Liens entre Hamad et Trudel: il faut une muraille de Chine, affirment des experts
S’il était élu maire, Sam Hamad devrait se retirer de toute discussion ou décision concernant le Groupe Trudel, estiment deux experts.
«Un politicien a toujours deux grands défis: prendre la meilleure décision objectivement pour la ville et s’assurer que cette décision va être perçue comme étant légitime au sein de la société. Sans ça, il va avoir de la difficulté à faire passer sa décision», illustre Michel Séguin, professeur et expert en éthique de l’UQAM.
S’il devait être élu à la mairie et prendre des décisions qui auraient un impact sur le groupe Trudel, «ça pourrait soulever un doute chez certains individus de son impartialité, de son objectivité décisionnelle», estime le professeur Séguin.

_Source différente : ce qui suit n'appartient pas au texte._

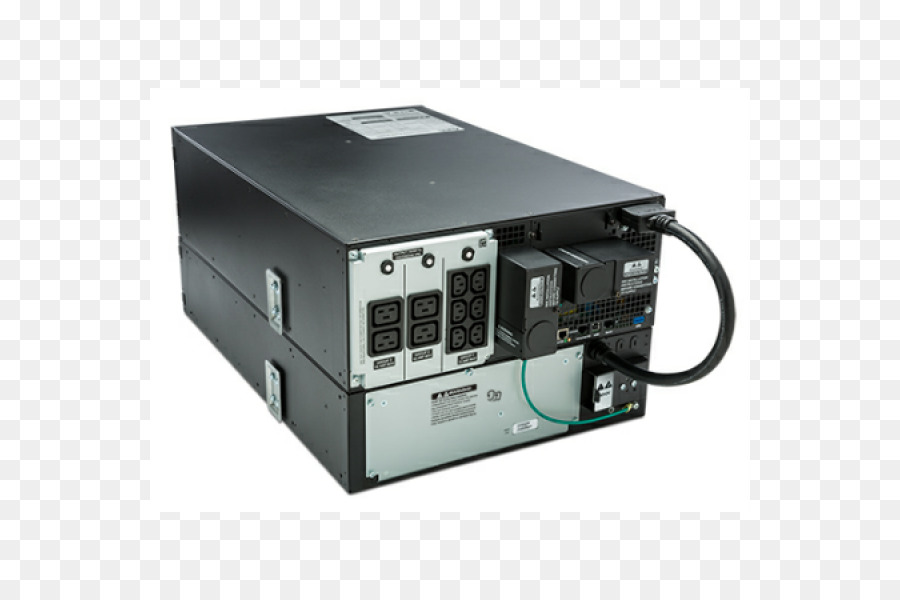 Ups，Apc Smartups Srt 6000va Rm PNG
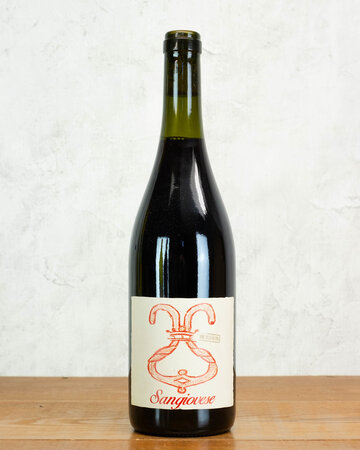 La Staffa Sangiovese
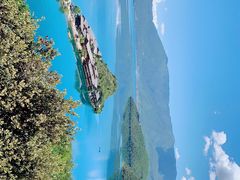 -里格村景区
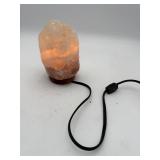 Himalayan Salt Lamp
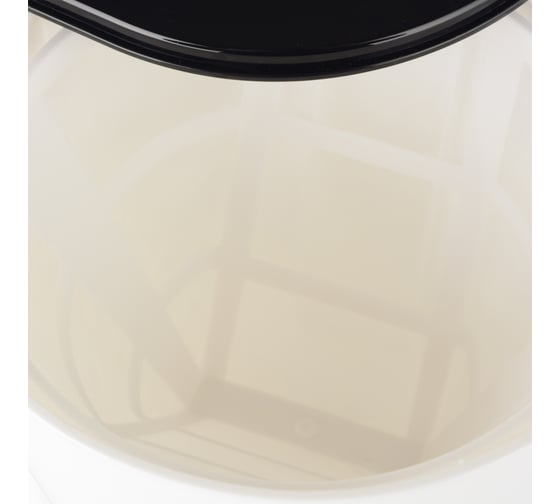 Кофеварка FIRST 750 Вт, 10 чашек, подогрев, White FA-5464-1 White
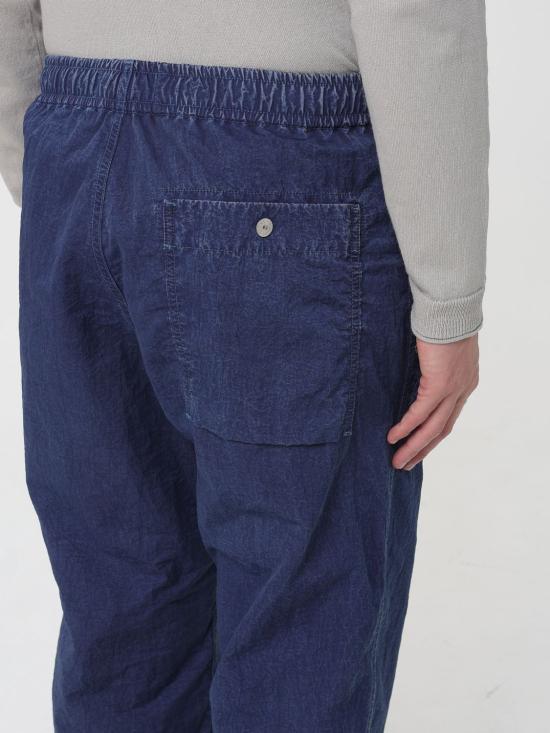 26SS 스톤 아일랜드 팬츠 3100001S0J19 V0021 Denim - STONE ISLAND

«Imaginons qu'offrir une subvention de 5 M$ à cette organisation est la décision la plus objective pour la ville, que c’est ce qui est le mieux pour les citoyens. Quand il va proposer ça, est-ce qu’on va ressortir le fait qu’il siégeait sur le conseil d’administration? C’est possible et ça peut faire en sorte qu’il ait de la difficulté à mener à bien les projets qu’il doit mener», illustre-t-il.
Se récuser
Marie-Soleil Tremblay, professeure titulaire de l’École nationale d’administration publique (ENAP) et spécialiste en gouvernance d’entreprise et audit, abonde dans le même sens.
«C’est tout le temps des situations hyper malaisantes, donc la façon la plus simple [pour éviter les malaises], c’est de se récuser», avance la professeure Tremblay.